Write out the listing exactly, from its first line through the line holding "Barbecues on the", but include none of the pictures.

*** DATASET EXTRACT

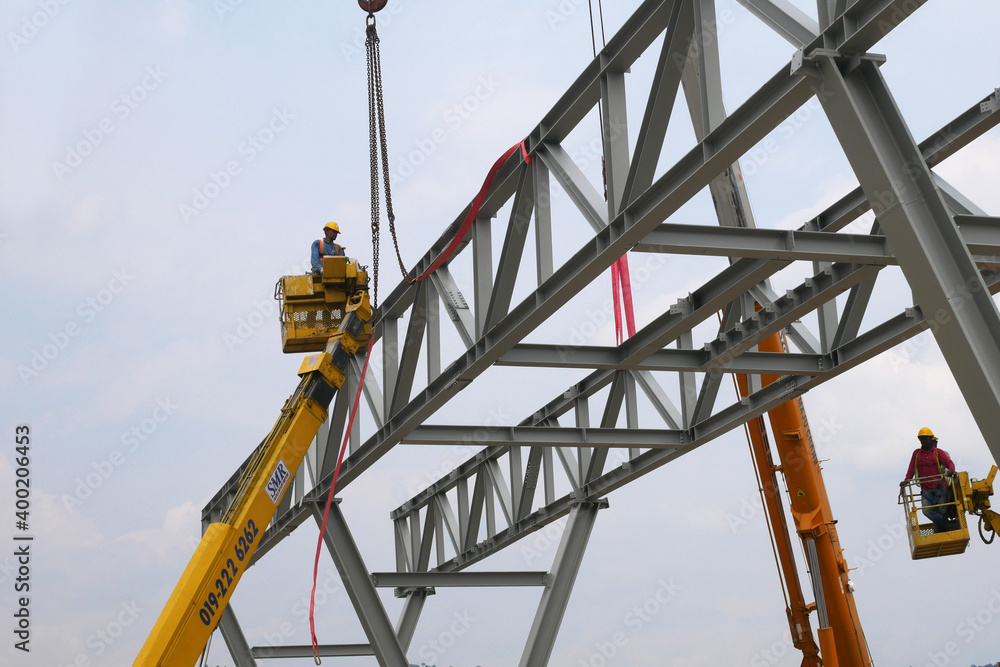 MALACCA, MALAYSIA -MARCH 12, 2020: Construction workers working at height at the construction site. They are supplied with harnesses and other safety equipment to prevent them from having an accident. MALACCA, MALAYSIA -MARCH 12, 2020: Construction workers working at height at the construction site. They are supplied with harnesses and other safety equipment to prevent them from having an accident.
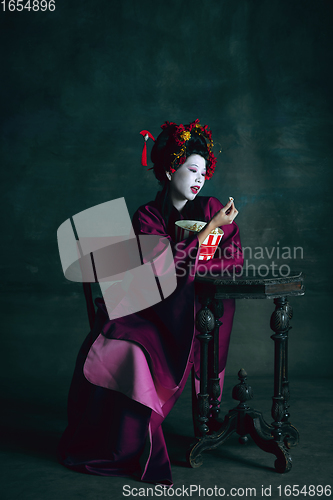 Image of Young japanese woman as geisha on dark green background. Retro style, comparison of eras concept.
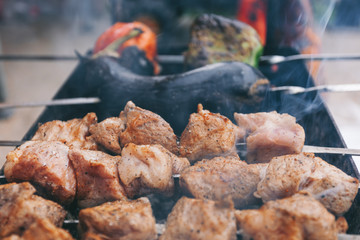 Barbecues on the grill on the background of hot coals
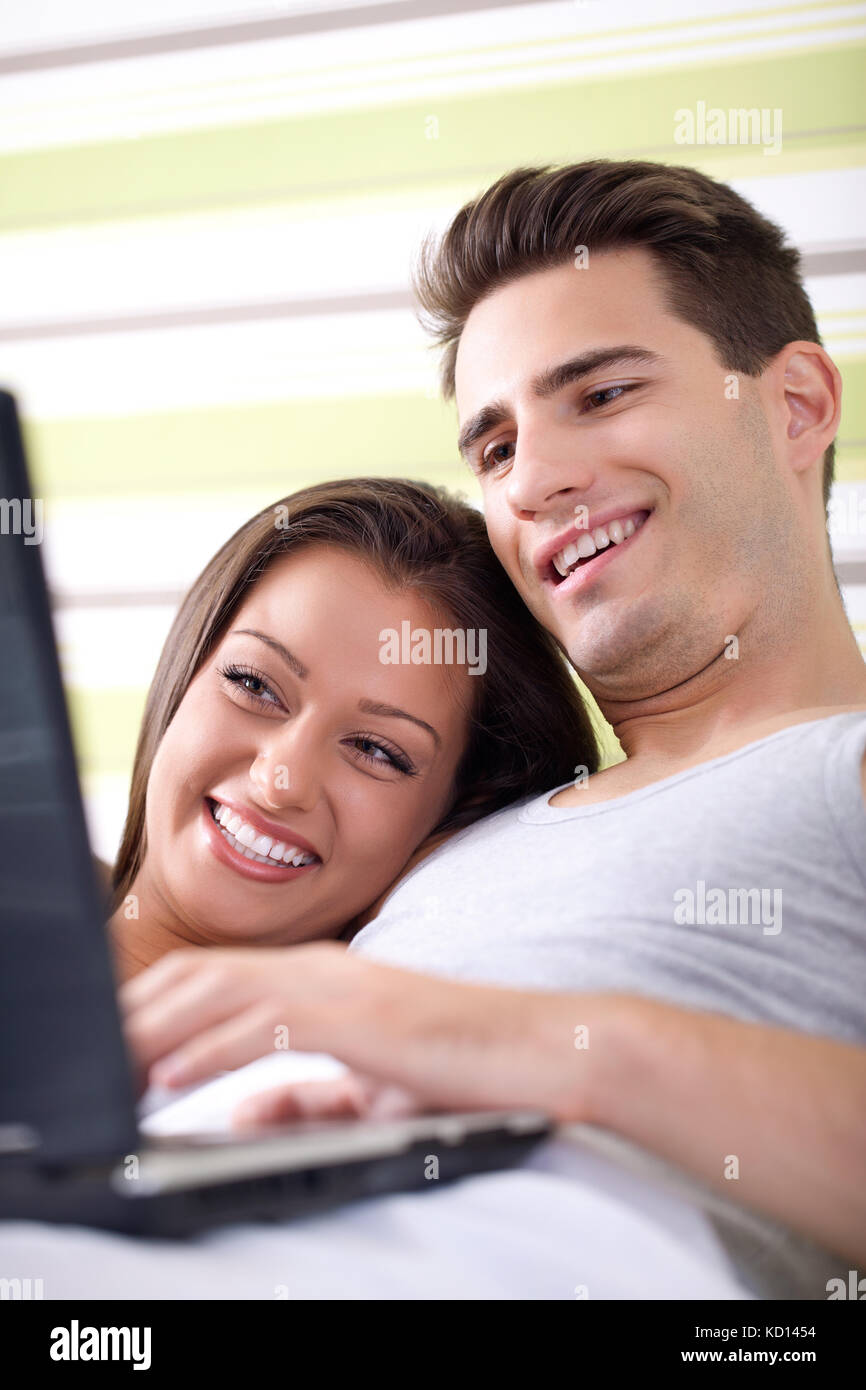 Smiling couple using a laptop lying on their bed at home Stock Photo ...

******

→ **RESULT OF THIS TASK**:
 MALACCA, MALAYSIA -MARCH 12, 2020: Construction workers working at height at the construction site. They are supplied with harnesses and other safety equipment to prevent them from having an accident. MALACCA, MALAYSIA -MARCH 12, 2020: Construction workers working at height at the construction site. They are supplied with harnesses and other safety equipment to prevent them from having an accident.
 Image of Young japanese woman as geisha on dark green background. Retro style, comparison of eras concept.
 Barbecues on the grill on the background of hot coals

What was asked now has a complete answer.